Ruslar işgal ettikleri yerlerin çoğunu geri verdiler.
Rus ticaret gemilerine boğazlarda geçiş hakkı tanındı.
Osmanlı İmparatorluğu, Rusya İmparatorluğu’na savaş tazminatı ödemeyi kabul etti.
Antlaşmanın 10. maddesine göre Osmanlı İmparatorluğu Rusya İmparatorluğu, İngiltere ve Fransa’nın Londra’da 6 Temmuz 1827’de ve buna dayalı olarak yine Londra’da 22 Mart 1829’da aralarında yaptıkları, Yunanistan Krallığı’nın kurulmasını ve bağımsızlığını öngören anlaşma ve protokolü kabul edecekti. (Londra Antlaşması)
Osmanlı Devleti, Çerkesya üzerindeki tüm haklarını bu arada Kuban Irmağı ile Bzıb Irmağı arasındaki Karadeniz kıyı kontrolunu Rusya’ya devretti. Çerkesya’daki Anapa ve Sucuk-Kale (şimdiki Novorossiysk) limanlar/kaleler dışında, Poti limanı, Ahıska ve Ahilkelek de Rusya’ya bırakıldı.

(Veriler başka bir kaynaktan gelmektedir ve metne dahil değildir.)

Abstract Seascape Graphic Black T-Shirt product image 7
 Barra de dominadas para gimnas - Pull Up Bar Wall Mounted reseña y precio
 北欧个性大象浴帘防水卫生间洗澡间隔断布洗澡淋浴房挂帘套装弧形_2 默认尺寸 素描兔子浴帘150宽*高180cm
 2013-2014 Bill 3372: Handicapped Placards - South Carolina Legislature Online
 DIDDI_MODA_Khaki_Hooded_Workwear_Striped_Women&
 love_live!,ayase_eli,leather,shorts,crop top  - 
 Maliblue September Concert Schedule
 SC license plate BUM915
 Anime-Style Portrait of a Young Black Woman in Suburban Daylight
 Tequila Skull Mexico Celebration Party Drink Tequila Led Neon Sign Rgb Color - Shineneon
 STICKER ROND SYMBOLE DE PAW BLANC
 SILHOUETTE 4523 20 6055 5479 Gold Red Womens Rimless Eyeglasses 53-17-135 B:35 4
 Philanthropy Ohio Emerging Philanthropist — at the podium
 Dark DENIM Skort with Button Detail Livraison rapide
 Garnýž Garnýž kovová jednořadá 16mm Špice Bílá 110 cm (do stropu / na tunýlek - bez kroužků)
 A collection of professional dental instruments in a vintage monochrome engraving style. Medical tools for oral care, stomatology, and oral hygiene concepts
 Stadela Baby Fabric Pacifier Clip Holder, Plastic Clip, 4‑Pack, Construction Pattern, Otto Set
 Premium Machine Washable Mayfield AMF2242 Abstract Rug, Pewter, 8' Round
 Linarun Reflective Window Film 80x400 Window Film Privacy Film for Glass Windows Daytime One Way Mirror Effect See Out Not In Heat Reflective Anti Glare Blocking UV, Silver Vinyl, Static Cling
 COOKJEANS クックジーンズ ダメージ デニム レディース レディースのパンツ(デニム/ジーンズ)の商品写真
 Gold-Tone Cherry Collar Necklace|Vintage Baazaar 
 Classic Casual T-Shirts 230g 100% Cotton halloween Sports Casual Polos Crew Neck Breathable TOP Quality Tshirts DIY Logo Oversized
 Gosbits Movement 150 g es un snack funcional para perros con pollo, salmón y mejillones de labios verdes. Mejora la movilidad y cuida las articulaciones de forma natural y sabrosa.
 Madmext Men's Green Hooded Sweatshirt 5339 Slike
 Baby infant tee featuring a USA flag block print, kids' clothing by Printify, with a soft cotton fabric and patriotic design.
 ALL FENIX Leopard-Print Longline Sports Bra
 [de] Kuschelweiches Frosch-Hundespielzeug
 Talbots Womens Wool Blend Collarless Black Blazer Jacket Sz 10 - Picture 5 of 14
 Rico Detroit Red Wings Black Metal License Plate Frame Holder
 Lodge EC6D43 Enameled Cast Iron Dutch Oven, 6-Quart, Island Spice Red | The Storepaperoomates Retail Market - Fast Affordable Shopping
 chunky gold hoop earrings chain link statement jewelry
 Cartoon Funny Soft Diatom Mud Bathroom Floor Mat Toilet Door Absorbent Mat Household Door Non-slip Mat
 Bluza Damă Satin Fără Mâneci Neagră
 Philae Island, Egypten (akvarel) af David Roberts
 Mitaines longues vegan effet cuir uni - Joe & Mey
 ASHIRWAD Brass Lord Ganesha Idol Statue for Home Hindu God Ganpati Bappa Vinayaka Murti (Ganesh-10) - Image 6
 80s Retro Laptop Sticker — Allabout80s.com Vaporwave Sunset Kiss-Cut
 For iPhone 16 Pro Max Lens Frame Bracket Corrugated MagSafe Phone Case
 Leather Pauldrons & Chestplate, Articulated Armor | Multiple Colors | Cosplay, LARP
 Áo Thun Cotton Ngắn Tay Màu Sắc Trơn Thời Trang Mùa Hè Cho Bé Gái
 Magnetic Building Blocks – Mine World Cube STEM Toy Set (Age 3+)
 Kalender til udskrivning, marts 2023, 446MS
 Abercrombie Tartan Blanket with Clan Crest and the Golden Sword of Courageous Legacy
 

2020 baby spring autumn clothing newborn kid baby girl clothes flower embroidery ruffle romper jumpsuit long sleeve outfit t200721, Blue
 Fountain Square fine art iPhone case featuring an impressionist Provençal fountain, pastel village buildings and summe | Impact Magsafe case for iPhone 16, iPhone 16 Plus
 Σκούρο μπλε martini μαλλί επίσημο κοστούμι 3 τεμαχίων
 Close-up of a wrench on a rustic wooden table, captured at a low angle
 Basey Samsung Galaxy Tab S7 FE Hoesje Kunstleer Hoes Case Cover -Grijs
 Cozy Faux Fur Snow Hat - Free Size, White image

Edirne Antlaşması’ndan beş ay sonra, 3 Şubat 1830 tarihinde İngiltere, Fransa ve Rusya arasında imzalanan yeni bir “Londra Protokolü” ile bağımsız Yunanistan Devleti’nin kurulduğu ilan edildi. Osmanlı Devleti de 24 Nisan 1830’da Yunanistan’ın bağımsızlığını kabul etmek zorunda kaldı.

Yunanların hamisi olan İngiltere, Fransa ve Rusya Mayıs 1832’de Yunanistan’a son şeklini veren bir anlaşma yaptılar. Bununla, Yunanistan’ın kuzey sınırı olarak “Arta-Volo hattı” kabul edildi. Böylece, Yunanistan’a Attik ve Mora yarımadaları bırakılmış oldu. Ayrıca bu yarımadaların çevresindeki tüm adalar ile kuzey Sporadlar, Ege’nin ikinci büyük adası Eğribos dahil olmak üzere yüzlerce ada Yunanistan’a bağlandı. Kurulan Yunan Krallığı’na da Bavyera Kralı Louis’in oğlu Otto seçildi.
Bu arada 3 büyük devlet, Yunanistan adına Osmanlı İmparatorluğu ile İstanbul’da son antlaşmaları doğrultusunda görüşmelere başladılar ve 21 Temmuz 1832’de taraflar arasında bir protokol imzalandı. İstanbul Hükûmeti yeni Yunan sınırını ve statüsünü kabul etti. Yeni Yunan Devleti de topraklarındaki Türk mallarının bedeli olarak, Osmanlı İmparatorluğu’na belli bir tazminat ödemeyi yüklendi.